Does anyone have a picture of the back of a original ignition switch for a Gravely 1970 convertable 10? I need to see the pin location showing G-R-S-B-I. This unit has breakless ignition, thanks, AL.


----------



## IDOXLR8 (Dec 30, 2012)

I have a (1970) Gravely Convertable 10 with a Kohler K-241 engine, breakless ignition, 10 amp charging system and need to correctly install the wire harness. The ignition pig tail has been replaced and not correctly. If I had a picture or diagiam showing the ignition switch and the location of the I,R,B,S,G (the G terminal is grounded to the switch housing). The 4 wires going to the switch wire colors are red, white, orange, black w/s. Thanks, AL.


----------



## IDOXLR8 (Dec 30, 2012)

IDOXLR8 said:


> I have a (1970) Gravely Convertable 10 with a Kohler K-241 engine, breakless ignition, 10 amp charging system and need to correctly install the wire harness. The ignition pig tail has been replaced and not correctly. If I had a picture or diagiam showing the ignition switch and the location of the I,R,B,S,G (the G terminal is grounded to the switch housing). The 4 wires going to the switch wire colors are red, white, orange, black w/s. Thanks, AL.


I figured this would had been a easy one? AL.


----------



## Richard-tx (Jan 30, 2011)

Do you have the owners manual with the wiring diagram?
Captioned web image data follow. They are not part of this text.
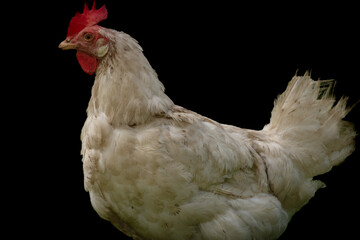 Hen isolated in green grass in hot sunny summer day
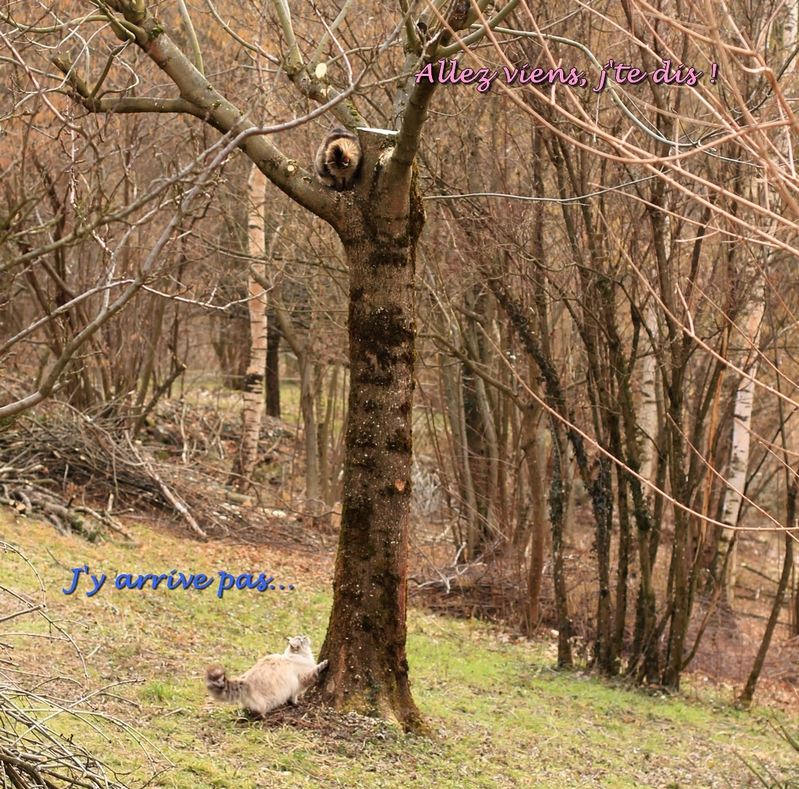 Mistigrette le&ccedil;on 2 com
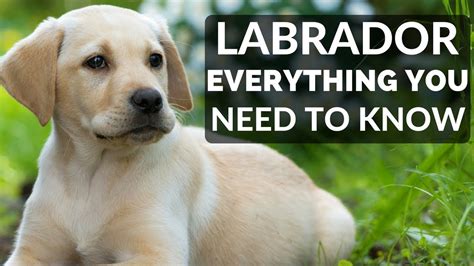 Labrador Retriever Everything You Need To Know About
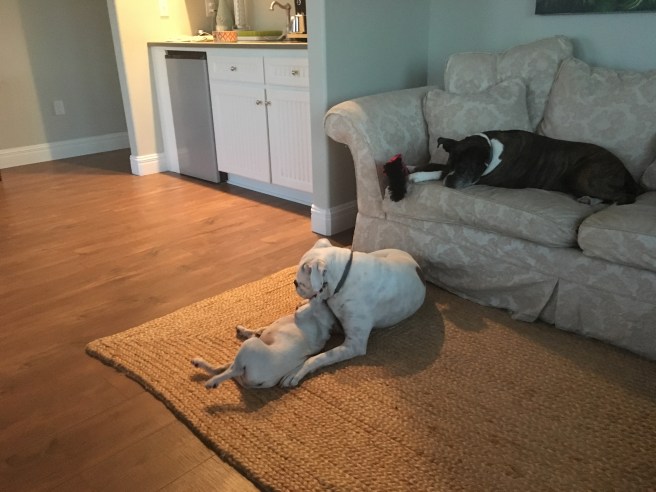 Lucy, Bailey, Twiggy
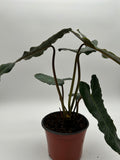 Philodendron Black Billietiae x Atabapoense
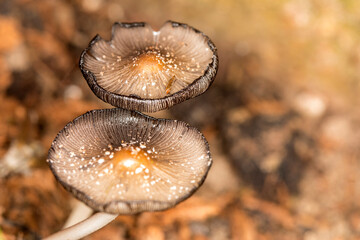 Mushrooms in a rainforest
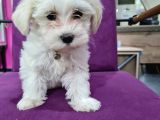 Güzeller Güzeli Maltese Yavrularımız
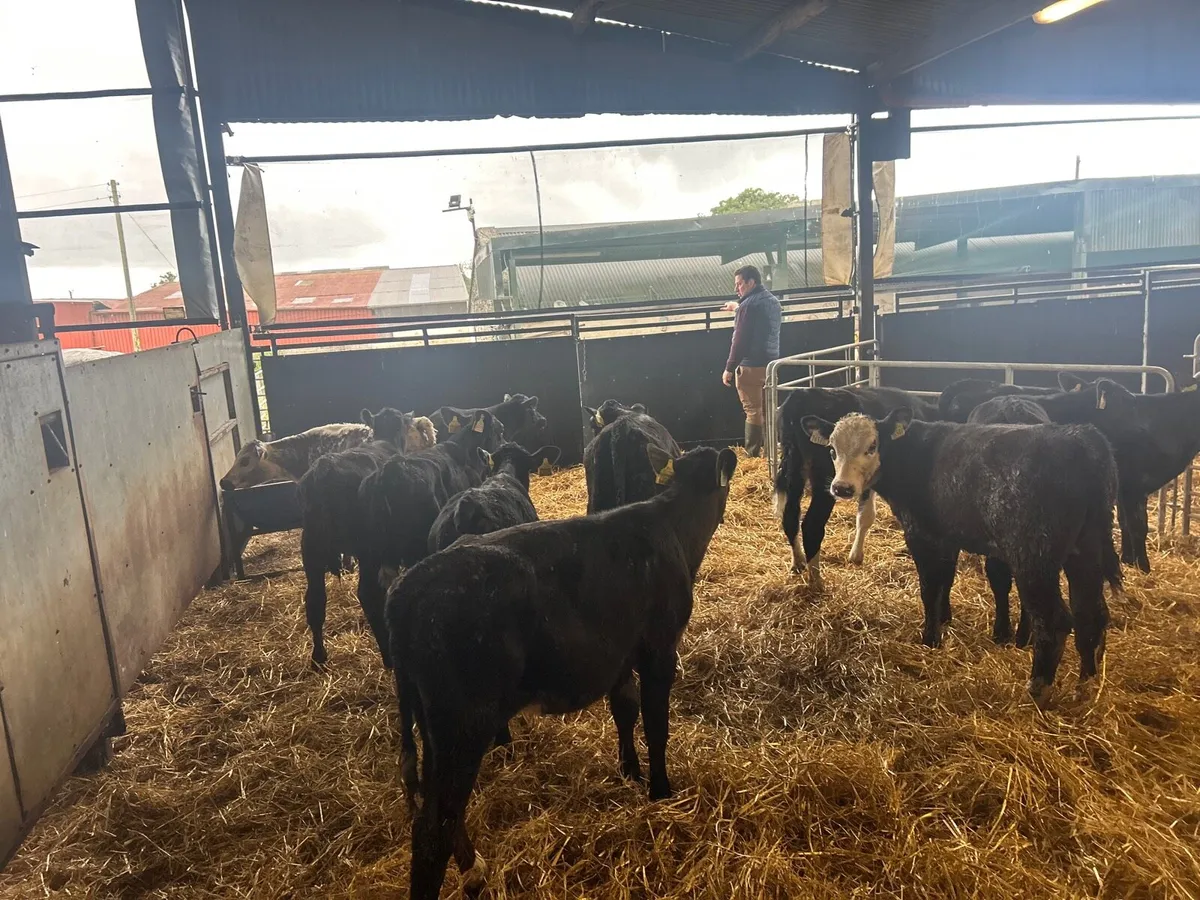 15 super  Angus and Hereford runner heifers - Image 3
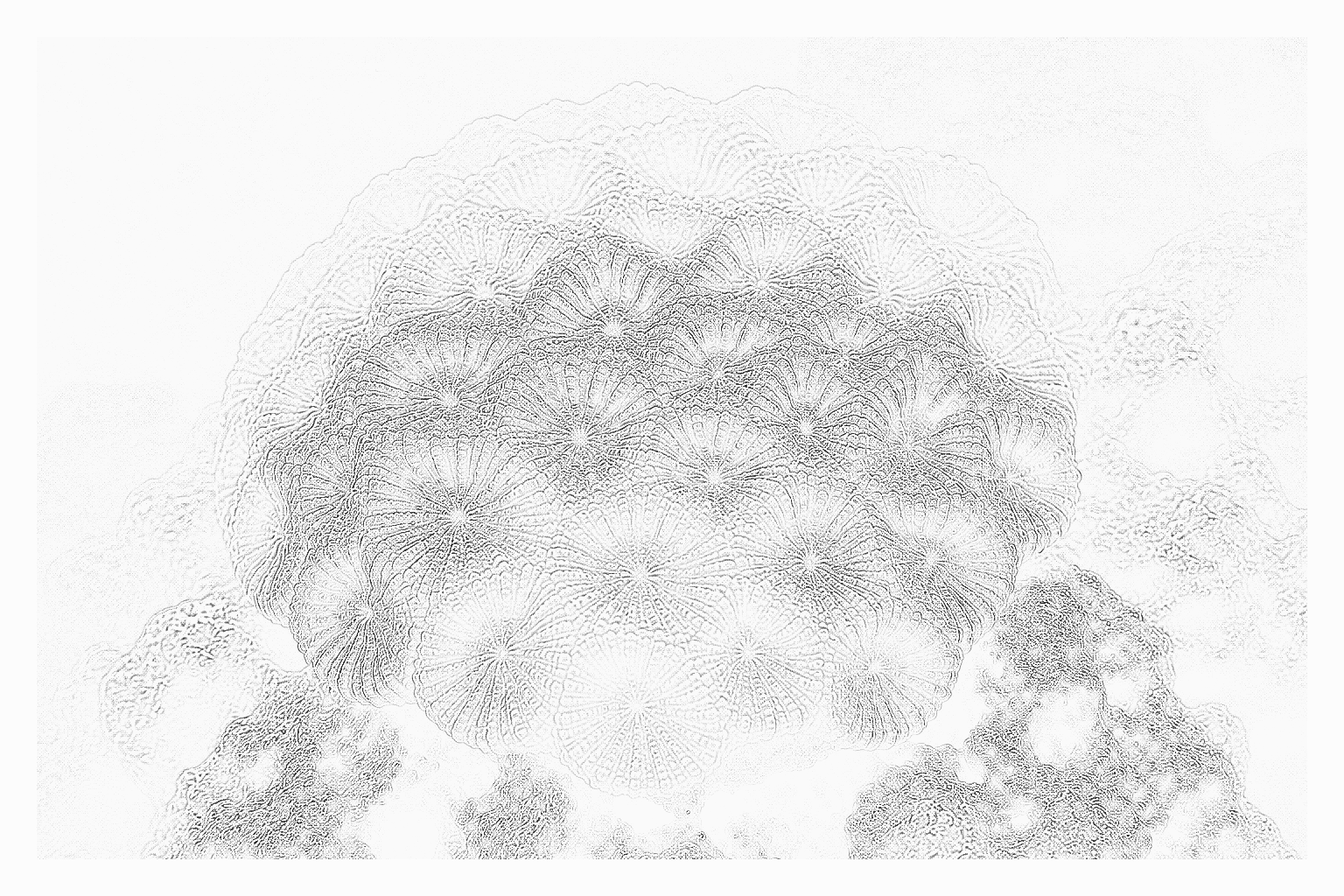 Reference image for Favia Favites
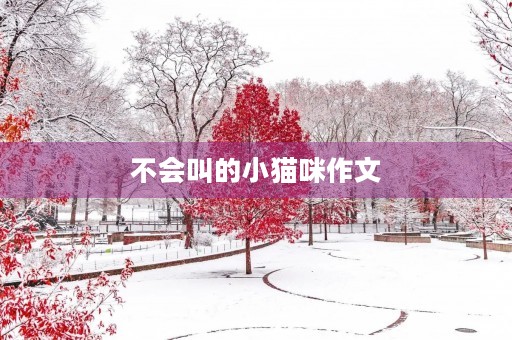 不会叫的小猫咪作文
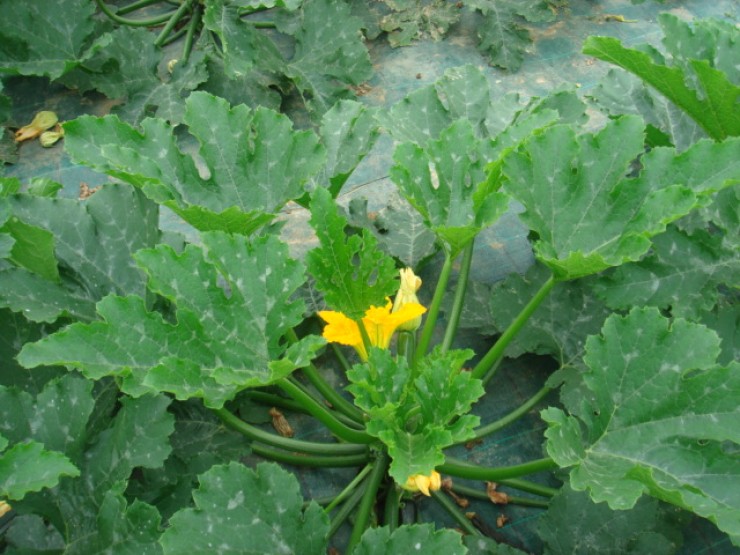 COURGETTE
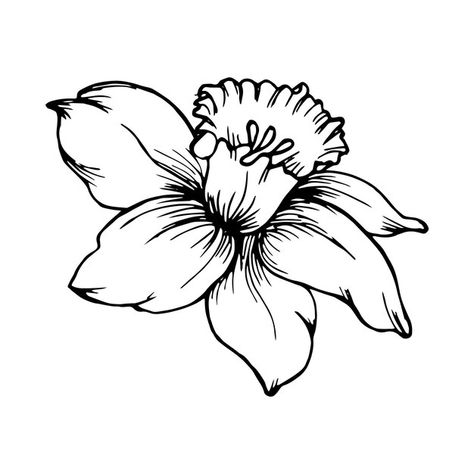 Traditional Narcissus Flower Tattoo, Narcissus Flower Drawing Simple, Narcissus Flower Outline, Dafodill Flowers Drawing, Narcissus Drawing, Narcissus Flower Drawing, Dafodill Flowers Tattoo, Majcin Dan, Narcissus Flower Tattoo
Look at gravelymanuals.com if you don't 

the nomenclature of the switch letters are:
I = ignition
R=Regulator
B= Battery
S=Starter Solenoid
G=Ground


----------



## DougM (Sep 19, 2010)

Dear Sir,

I have attached an illustrated parts list for a Convertible 10. A wiring diagram is on page 9. I hope this helps you with your problem. If you need any additional manuals, go the the Gravely Tractor Club web site. They have manuals listed under the Resource tab.


----------